Il nostro posizionamento internazionale oggi giova di una consapevolezza che riguarda più chi ci guarda da fuori rispetto a quello che, dalle finestre di casa nostra, a volte non siamo capaci di vedere. Non possiamo tollerare osservazioni che non riconoscano il nostro potenziale socioeconomico, volendo offrire l’idea di un Paese instabile. Così come non possiamo tollerare chi non riconosce la nostra grande solidarietà, tratto distintivo della nostra storia di italiani, giunto “cromosomicamente” fino ai giorni nostri. Siamo critici quando serve, ma onesti intellettualmente, e vogliamoci bene.
Abbiamo argomentazioni sufficienti per sostenere questa linea. Senza sminuire la nostra competitività economica, l’aumento dell’occupazione, il trend di crescita che oggi ci colloca tra i primi Paesi europei. Insomma, spesso, facciamo e non “riconosciamo”. Per eccessiva severità, alcune volte. Per ideologia, molte altre.
Adesso, è legittimo che la dialettica democratica si avvalga di visioni e contrapposizioni, ma se qualcosa dovremmo imparare dalla storia, e dalla quotidianità, ebbene questo qualcosa è la forza che siamo in grado di rappresentare quando siamo uniti, quando attingiamo alla nostra migliore capacità di fare sistema. Un sistema che il “made in Italy”, nel mondo, rappresenta benissimo come “sigillo di garanzia” e che, allo stesso tempo, tra le nostre mura rischiamo di frammentare in divergenze e tribù.
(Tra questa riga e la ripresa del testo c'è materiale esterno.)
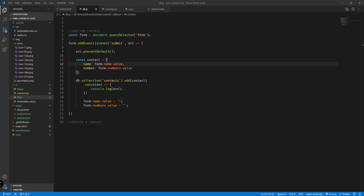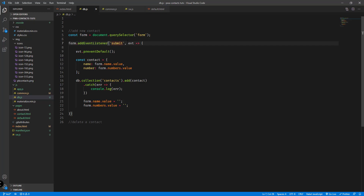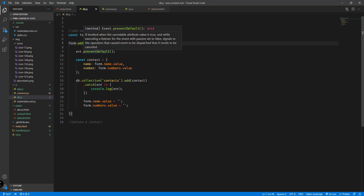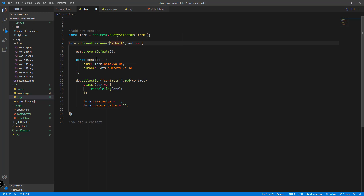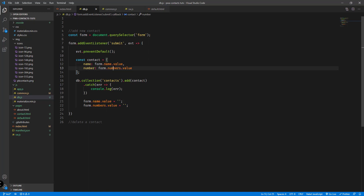Hey, what's up guys, welcome back to our YouTube channel. This is John from Programming Knowledge and we'll continue to work with our progressive web app project. From the last tutorial we implemented the add new contact logic — we have the form query selector, listening for the submit event, preventing the default behavior, then getting the values for name and contact number and adding that into our Firebase database collection called contacts.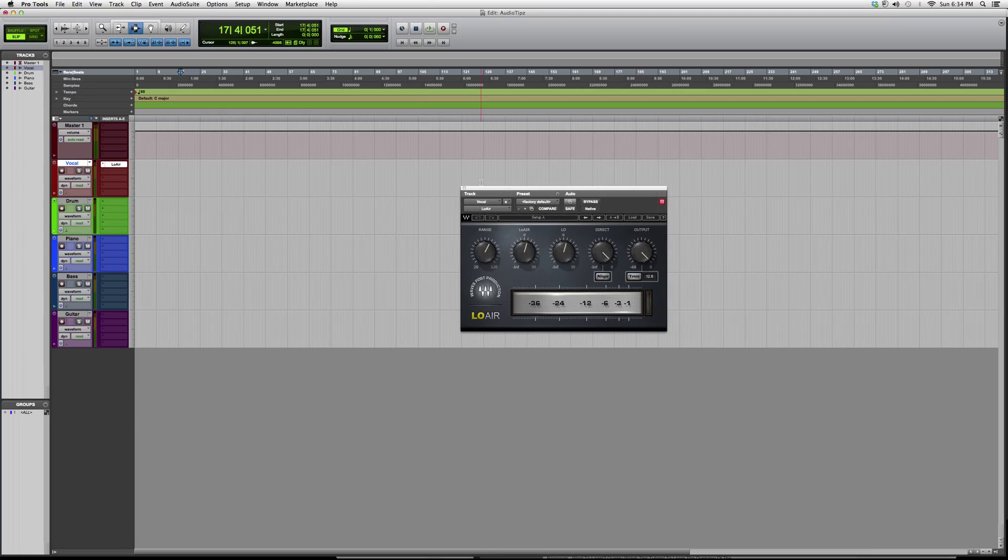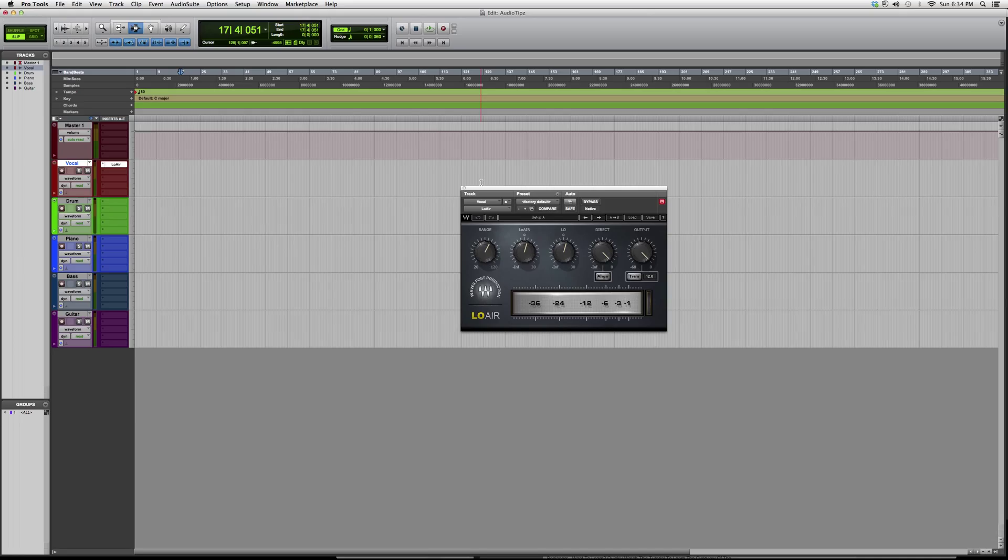Hey guys, what's up? Welcome to Audio Tips. In today's tutorial I'll open you up to a plugin called the Low Air. This is a harmonic plugin, a Waves plugin. You do have to have certain Waves bundles in order to open this plugin.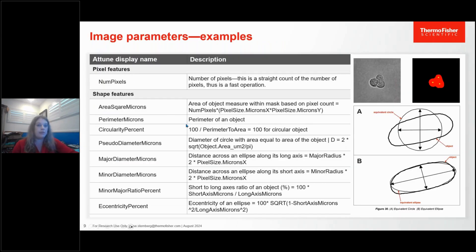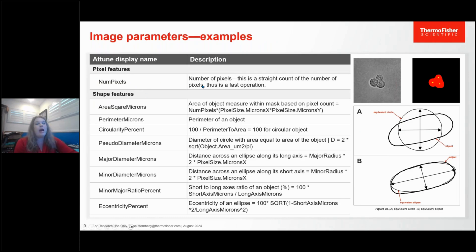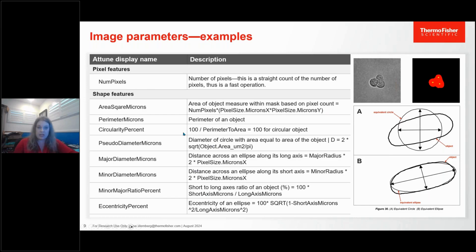Here are some details on the parameters we can get with our imaging software. These include the area of the object, the perimeter, the circularity, the major and minor diameter, and the eccentricity — which reflects how many protrusions a certain cell has.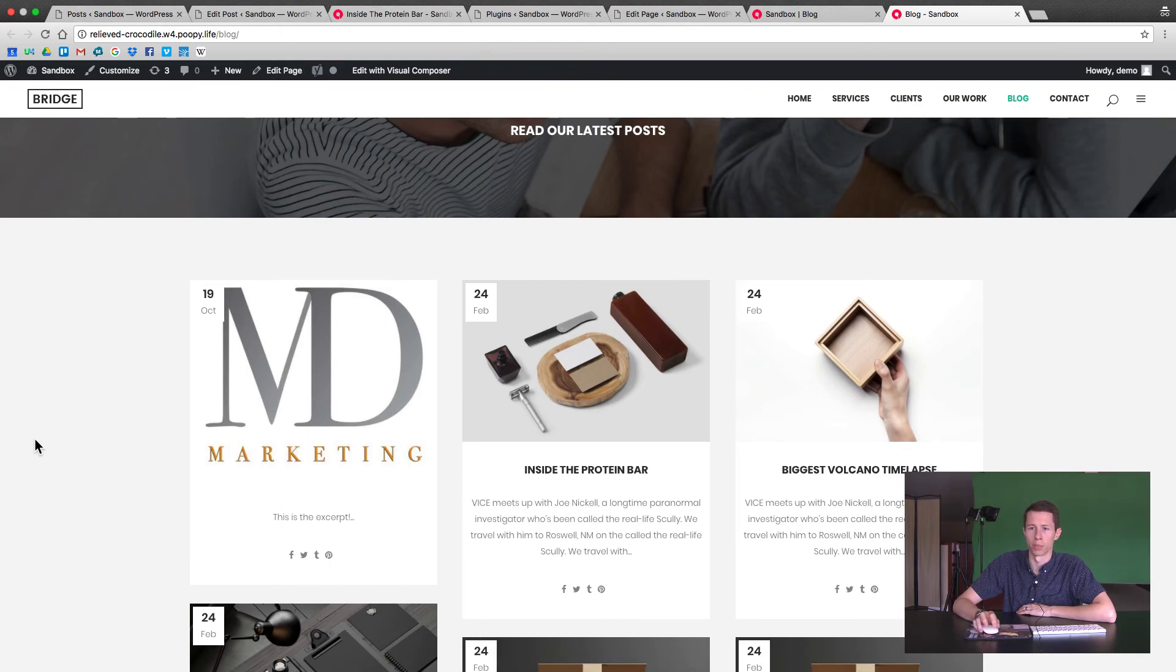So again, this is just a brief tutorial on how to get things set up with your blog posts and your blog page. Hopefully that's helpful for you and you know how to stylize it. You can play around and see what looks best and works best for your setup. Thanks so much for watching and we hope to see you in the future videos.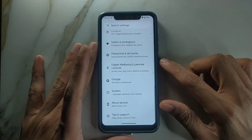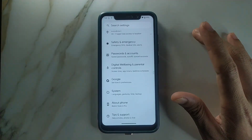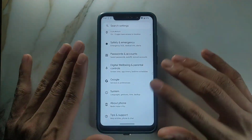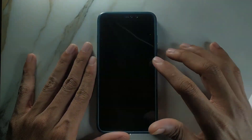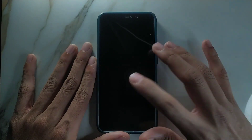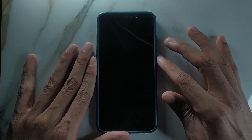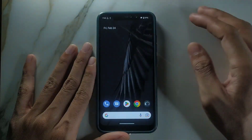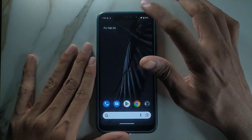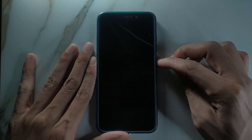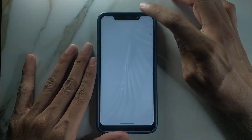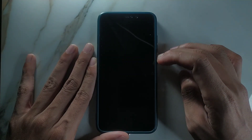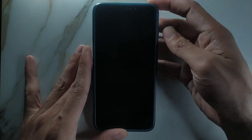Another bug with this ROM: double tap to wake doesn't work on any Android 13-based ROM for the Redmi Note 6 Pro — I've tried many ROMs and it still doesn't work. As you can see, double tap to wake is not available, although double tap to turn off the screen is available on the status bar, just not on the home screen.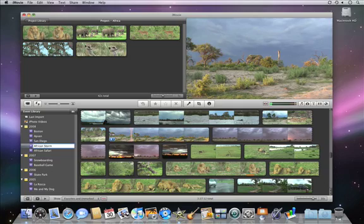With iMovie, enjoying your video memories and keeping them organized is quick and easy.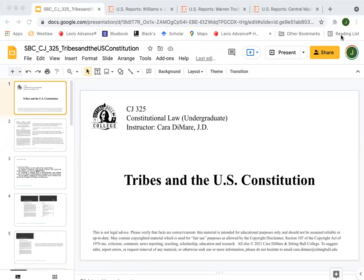Today we are going to be looking at part two of Tribes and the U.S. Constitution. If you managed to stay awake for part one, I congratulate you. Today we will be not looking so much into the history as we did in part one, but for part two, we will be looking at some of the modern cases related to taxation on Indian tribes and tribal members — some of this modern jurisprudence.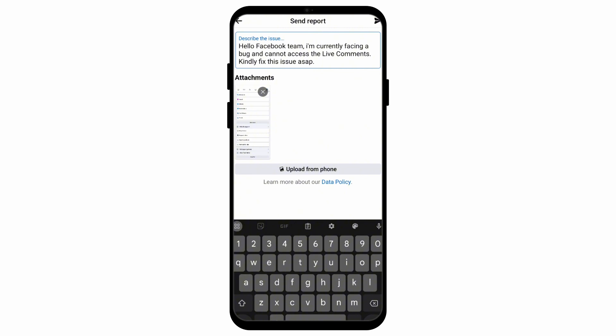After that, you can upload photos from your phone in order to legitimize your issue, and then press upload on the top right corner. And there you go, those are all of the things that you can do in order to fix the issue of Facebook live comments not showing.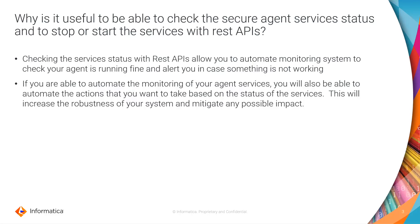You can have your code or your tool that is going to be sending API requests to check what is the current status. If everything is running fine, you don't need to do anything else. If you detect that one of the services is not running, you can take any action that you want.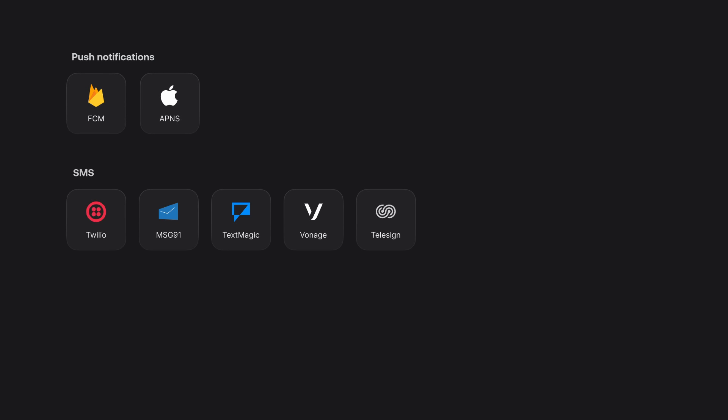I'm excited to introduce AppRite Messaging, a new service that allows developers to integrate with third-party providers to send out push notifications, SMS, and email messages. This includes providers such as Firebase Cloud Messaging and APNS for push notifications, Twilio, Message91, TextMagic, Vonage, and Telesign for SMS, and Mailgun and SendGrid for email messages.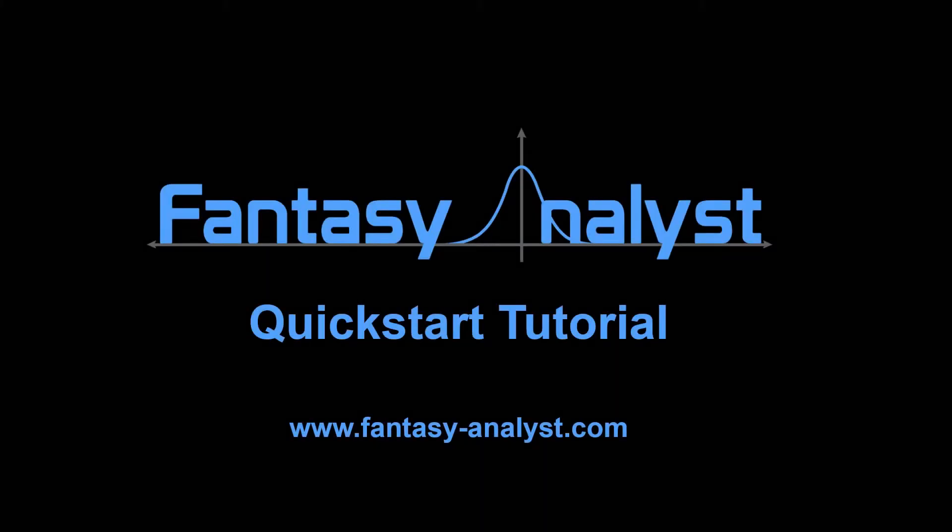Fantasy Analyst is a Windows desktop program for DFS players that can be used on sites such as FanDuel or DraftKings. It includes a variety of advanced tools that can potentially improve your edge at DFS, regardless of whether you are a casual or professional DFS player.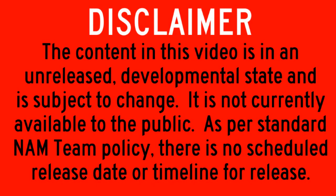Please note, the content of this video is in an unreleased developmental state and is subject to change. It is currently not available to the public. As per standard NAM team policy, there is no scheduled release date or timeline for release.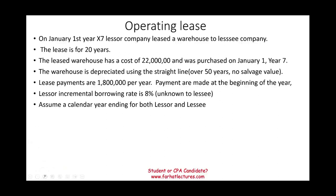On January 1st, year X7, the lessor company leased a warehouse to the lessee company. The lease is for 20 years. The leased warehouse has a cost of $22 million and was purchased on January 1st, year X7. The warehouse is depreciated using the straight line over 50 years with no salvage value.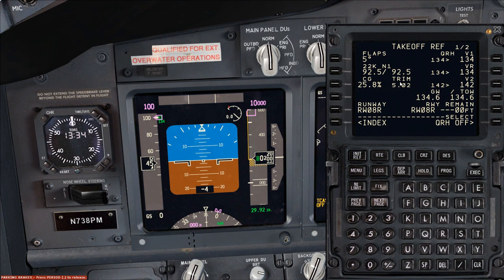I'd recommend leaving the CDU on the Takeoff Ref page because you'll need to come back to it later in the plane setup. But that's all for this video. The next video we're going to look at the preflight procedure — the overhead panel and forward panels — configuring the plane and making sure all switches are in the right position to prepare for departure. Thank you all very much for watching — take care and I'll catch you all later.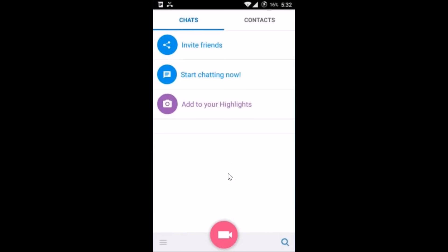Hi guys, in this tutorial I'm going to show you how you can delete your IMO account. You need to open the IMO application on your phone, and after that you can see...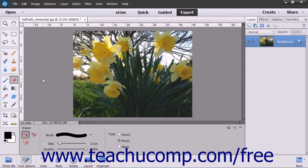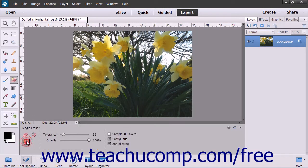To use the Magic Eraser tool, select it from the toolbox and also within the Tool Options bar. It shares a spot in the toolbox with the Eraser tool.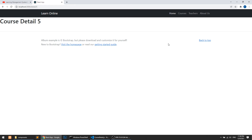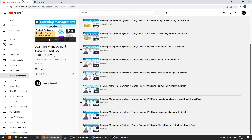In our next video, we will create the layout for our course detail page and add some static data so that we can test it properly. Thanks for watching this video — please like, share, and subscribe to this channel.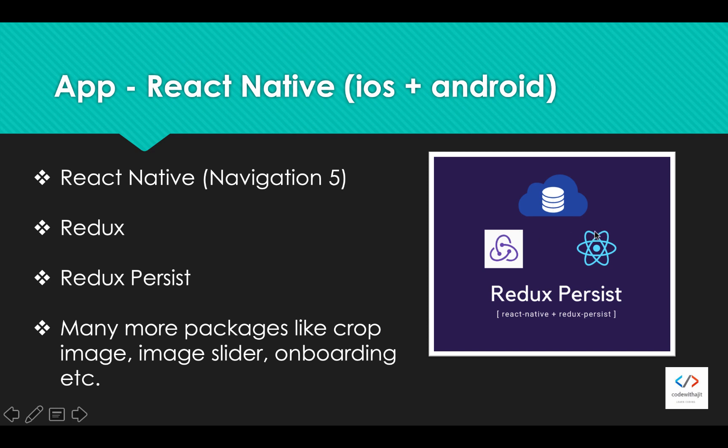Then we will use Redux Persist to permanently store the data like user information and tokens in our application. Many more packages like image cropping, image slider, onboarding screen - these will be some features.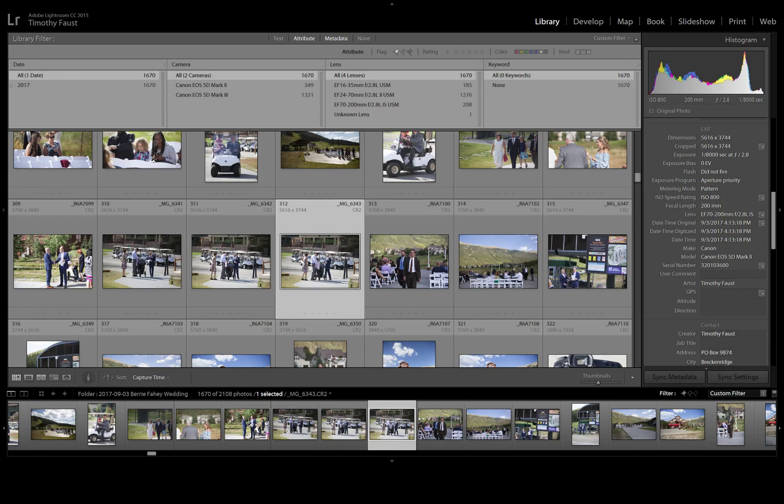5D Mark III - so this is the camera I used to capture it, so we're looking at the back of the Mark II right now. If I go back to the grid view and filter it by just the images captured on the Mark III,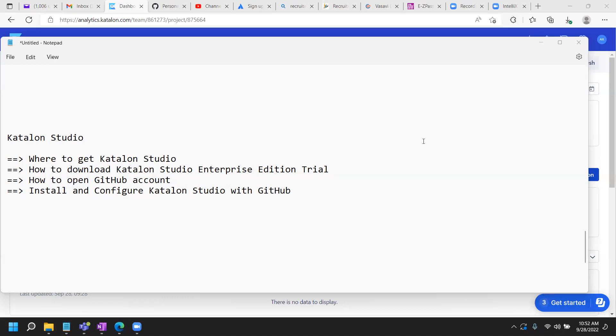Okay folks, so now we can resume here with the installation and configuration of the Katalon Studio and the configuration with the GitHub.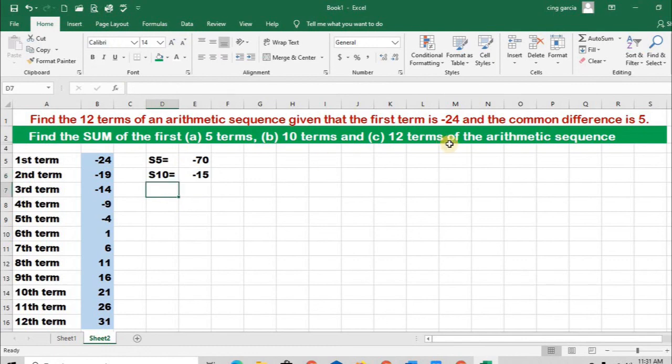And lastly, we are asked to find the sum of the 12 terms — all those 12 terms.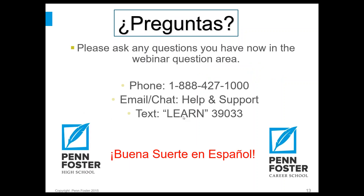That concludes our webinar for today. I hope this information has been beneficial for your studies. These grammatical webinars that Dan and I do are short in nature, so we encourage your attendance and participation in future webinar sessions — please join us to help supplement your studies. If you have questions, feel free to contact us using one of the options listed. We both wish you buen suerte en español — good luck in Spanish — and have a great day. Thank you very much.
Questa riflessione nasce dalle parole di un grande capitano d’impresa che, di recente, richiamava l’attenzione su questa necessità, in un comparto simbolo proprio del nostro made in Italy come quello dell’agroalimentare. Tanto che, attualmente, questo comparto è tra i principali che continua a rappresentarci con orgoglio nel mondo, numeri e qualità alla mano. Con quel 20% del Pil che è bandiera di italianità, di eccellenza. Dai grandi centri ai piccoli borghi, siamo risorsa per il nostro sistema, siamo meta ambita per gli abitanti di ogni angolo del mondo. Non è banale ricordarlo.
Ecco la nostra bandiera, in queste ore, è visibile proprio agli occhi del mondo perché sta sventolando sulla Vespucci, il veliero simbolo della Marina Militare che attualmente si trova nelle acque dell’Argentina, nell’ambito di un progetto interministeriale del Turismo e della Difesa per la promozione del Made in Italy. La tappa di Buenos Aires rappresenta l’avvio della seconda fase del Tour mondiale della Vespucci che si concluderà nel 2025. Un’iniziativa che, a proposito del fare sistema, rappresenta anche un’importante occasione per promuovere la candidatura della cucina italiana a patrimonio immateriale Unesco. 
Insieme alla nostra riconoscibilità, c’è la possibilità d’incrementare il turismo delle radici italiane nel mondo, che vanta numeri significativi. Vale la pena sottolineare che questo turismo interessa un numero di viaggiatori compreso tra i 60 e gli 80 milioni, un volume che genera una spesa annua di circa 8 miliardi di euro (Confcommercio). E l’Argentina è uno dei Paesi che, da questo punto di vista, ha particolari legami con l’Italia.
Dovremmo sentirci un po’ tutti come la Vespucci, ambasciatori di un Paese che non può solo vantarsi di quello che è stato ma che, unito, può farsi vanto di quello che è potrà continuare a incarnare. Una bandiera in cui chi possa riconoscersi non solo chi ama l’Italia, ma il “bello” e il “buono” nelle sue accezioni più diverse e universali. Ricordiamolo, a noi stessi prima di tutto. Sono in pochi, nel mondo, a poter vantare questa che, detto con un pizzico di orgoglio, non è solo eccellenza ma, ascoltandoci bene, anche una bella, intima, emozione.